Existe muita coisa boa espalhada pelo Estado. Somos muito diversos. O pequi que se come no Norte de Minas, mal é conhecido no Sul. Sabores da Serra da Mantiqueira, como as trutas, não chegam ao Jequitinhonha, por exemplo. Mas, se eu puder dar um destaque, acho que as frutas do cerrado ainda precisam ser mais divulgadas. Existe uma riqueza de sabores e usos que não exploramos.

De tudo o que você faz, é possível dizer o que te dá mais prazer? 

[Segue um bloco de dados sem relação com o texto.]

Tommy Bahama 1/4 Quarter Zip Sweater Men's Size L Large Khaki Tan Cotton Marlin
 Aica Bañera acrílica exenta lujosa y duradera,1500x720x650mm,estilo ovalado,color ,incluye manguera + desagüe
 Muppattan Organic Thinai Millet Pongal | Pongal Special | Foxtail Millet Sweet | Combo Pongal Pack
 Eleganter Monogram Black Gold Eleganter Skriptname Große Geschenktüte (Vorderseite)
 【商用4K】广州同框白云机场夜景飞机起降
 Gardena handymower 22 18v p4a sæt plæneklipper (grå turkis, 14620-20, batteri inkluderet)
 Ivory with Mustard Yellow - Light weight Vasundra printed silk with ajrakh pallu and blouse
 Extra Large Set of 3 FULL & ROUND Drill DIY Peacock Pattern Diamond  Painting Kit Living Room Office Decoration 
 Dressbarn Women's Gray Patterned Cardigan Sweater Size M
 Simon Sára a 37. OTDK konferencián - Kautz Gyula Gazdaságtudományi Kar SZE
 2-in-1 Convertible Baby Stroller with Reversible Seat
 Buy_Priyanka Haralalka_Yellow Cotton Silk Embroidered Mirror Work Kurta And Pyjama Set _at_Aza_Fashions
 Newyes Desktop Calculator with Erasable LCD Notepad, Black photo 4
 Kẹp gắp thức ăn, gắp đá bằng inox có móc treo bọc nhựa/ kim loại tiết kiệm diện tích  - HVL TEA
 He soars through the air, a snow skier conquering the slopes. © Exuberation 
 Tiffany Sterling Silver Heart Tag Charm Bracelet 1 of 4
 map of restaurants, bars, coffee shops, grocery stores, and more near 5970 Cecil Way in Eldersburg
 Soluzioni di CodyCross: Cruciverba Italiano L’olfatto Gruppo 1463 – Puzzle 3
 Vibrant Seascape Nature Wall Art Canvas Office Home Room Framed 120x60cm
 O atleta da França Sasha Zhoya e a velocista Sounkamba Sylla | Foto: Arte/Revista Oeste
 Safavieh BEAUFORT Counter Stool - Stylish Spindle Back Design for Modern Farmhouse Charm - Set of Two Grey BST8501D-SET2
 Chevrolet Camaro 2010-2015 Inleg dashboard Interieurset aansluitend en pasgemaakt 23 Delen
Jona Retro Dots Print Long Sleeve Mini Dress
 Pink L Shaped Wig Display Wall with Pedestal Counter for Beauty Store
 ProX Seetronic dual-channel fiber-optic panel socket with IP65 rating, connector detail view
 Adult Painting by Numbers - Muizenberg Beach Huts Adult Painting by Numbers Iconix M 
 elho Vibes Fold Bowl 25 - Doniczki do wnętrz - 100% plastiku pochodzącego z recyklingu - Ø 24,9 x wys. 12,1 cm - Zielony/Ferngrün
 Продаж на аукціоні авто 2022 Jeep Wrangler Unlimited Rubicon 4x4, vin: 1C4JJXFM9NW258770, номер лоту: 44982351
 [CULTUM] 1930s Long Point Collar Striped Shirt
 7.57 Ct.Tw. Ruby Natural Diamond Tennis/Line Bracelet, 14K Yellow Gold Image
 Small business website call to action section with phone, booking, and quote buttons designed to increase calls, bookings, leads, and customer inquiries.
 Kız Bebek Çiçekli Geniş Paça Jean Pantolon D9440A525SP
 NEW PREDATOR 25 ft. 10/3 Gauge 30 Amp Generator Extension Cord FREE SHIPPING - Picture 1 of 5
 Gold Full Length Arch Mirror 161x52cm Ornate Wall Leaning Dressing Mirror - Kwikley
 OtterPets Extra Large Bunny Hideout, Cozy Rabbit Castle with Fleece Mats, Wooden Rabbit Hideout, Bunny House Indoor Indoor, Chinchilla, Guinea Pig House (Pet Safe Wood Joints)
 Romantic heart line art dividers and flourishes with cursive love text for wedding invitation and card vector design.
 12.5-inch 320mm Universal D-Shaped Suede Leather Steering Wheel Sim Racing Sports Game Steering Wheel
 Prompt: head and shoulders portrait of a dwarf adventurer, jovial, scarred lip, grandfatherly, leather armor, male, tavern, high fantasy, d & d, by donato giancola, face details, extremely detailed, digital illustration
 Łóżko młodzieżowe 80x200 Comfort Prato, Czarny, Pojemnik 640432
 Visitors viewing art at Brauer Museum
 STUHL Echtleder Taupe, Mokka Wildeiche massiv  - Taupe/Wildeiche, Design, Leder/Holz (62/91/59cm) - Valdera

Cada vez mais a gente inventa umas coisinhas. Mas o meu negócio mesmo é evento. Em São Paulo a gente faz o Padocaria SP. Deu super certo, já está no quarto ano. Queremos trazer aqui para Belo Horizonte em 2025, vai ser um desafio muito grande. É o que eu falei, eu vou fazer um evento para dar chance para todo mundo, para aproximar, para poder ajudar o máximo de pessoas possível. E por que eu vou fazer o Padocaria aqui em Belo Horizonte? Para a gente mudar a forma de consumir uma padaria. Você pode consumir a padaria, você pode dar oportunidades para o cara que tem uma padaria de faturar muito mais. O cliente pode frequentar a padaria, ele pode tomar café na padaria. No meio da tarde, o lanchinho da tarde, no final da tarde, um happy hour, pizza, e lá pelas 11 horas, caldo. É assim que funciona lá em São Paulo. Já conversamos com o pessoal do sindicato. Eu sempre peço bênção de todo mundo, eu nunca imponho, eu nunca faço top-down. Se o presidente do sindicato fala, “não“, “não traz esse negócio pra cá não, pois vai atrapalhar“, eu não trago. Mas se todo mundo “pular pra dentro do barco”, se todo mundo ficar on board, como dizem os americanos, a gente consegue transformar. E consegue sim melhorar, melhorar o faturamento, melhorar o pão e a vida de todo mundo.